Ten years later she’s going to court trying to get back the money she invested in this wonderful man with so much potential. And he had moved on the another “investor” who He is now taking to court because she didn’t invest her life savings into him.
The best way to leave is with no warning, no goodbye, crickets. Pack up and be gone when he gets home. No forwarding address, no contact.
Believe me, the faster you stop feeding his ego, the faster he will get bored of the new chump.
Write it all out if you feel better but then wait a couple of days before you send it.

Mr Wonderfuls Ex
Mr Wonderfuls Ex
7 months ago

A few months ago, UXWorld posted a few samples of crappy writing KK had done about her cheating. I laughed so hard at those and it inspired me to look at some of klootzak’s writings again. They were a hoot.

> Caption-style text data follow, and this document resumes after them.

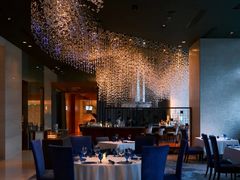 -AZUR聚(香格里拉饭店)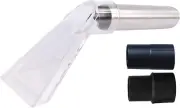 Ocnvlia Extractor Tool Hand Wand with Clear for Upholstery & Carpet Cleaning,...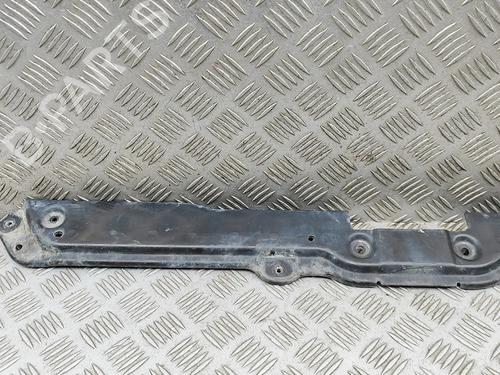 Support TESLA MODEL 3 (5YJ3) EV | BP36186548C155 - Image 3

There should be some Friday challenges from this:
1) What you would want to write to FW but will never send (because if it feels good, we don’t do it – thanks Mr. CL!)
and
2) Examples of crappy writing from FWs where they think themselves special with poetry and “deep” thoughts.

It’s better to laugh. Beats the hell out of crying.

Best Thing
Best Thing
7 months ago

This one comes to mind immediately, and I quote: “You are cold, cruel, and heartless. I will miss you.” I have no doubt he does miss me, as Mrs. Bendover could not add two plus two using two hands (he fired me and gave her my bookkeeping job). The first sentence however…..

Bluewren
Bluewren
7 months ago

Haha
Good riddance to the clown.
He might get extra kibbles and love the centrality, but you did it for you, not him.

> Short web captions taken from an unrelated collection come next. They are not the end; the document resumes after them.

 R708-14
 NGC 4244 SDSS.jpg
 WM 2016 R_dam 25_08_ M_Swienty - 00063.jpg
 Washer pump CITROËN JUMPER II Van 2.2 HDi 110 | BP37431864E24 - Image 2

I sent a final text some time ago and he probably just laughed at it but it was for me- now there’s nothing unsaid and nothing more that needs to be said.

No regrets.

Congratulations!

Liberated_chump
Liberated_chump
7 months ago
Reply to  Bluewren

Thank you! I know it gave him kibbles but I don’t regret it. He will throw it in the bin, just like he did with our marriage.

2xchump
2xchump
7 months ago

Just last week I was reading in my archeology blog of the statues they dug up in Italy. They found evidence of textiles drapped on their marble bodies, perfumes, and paint 🎨 to add the pop. Writing to a cheater any last words, Hallmark good- bye cards, closing remarks, whatever..is just like draping clothes, pouring perfumes and painting colors on a marble statue. It does nothing for the marble statue. Everything you see and hear is an act to either save cake 🎂 or stab you on the way out. I did the same and wrote a letter of all we had together and how much I loved him. I put in pictures of anniversary trips spanning 30 years. Crickets and a message from my lawyer that stated he was cutting my health insurance, wanted money or the house, needed his motorcycle from the garage for a trip to Colorado and lots more…Do what you feel you need to do, but yodeling would work better. At least you hear an echo.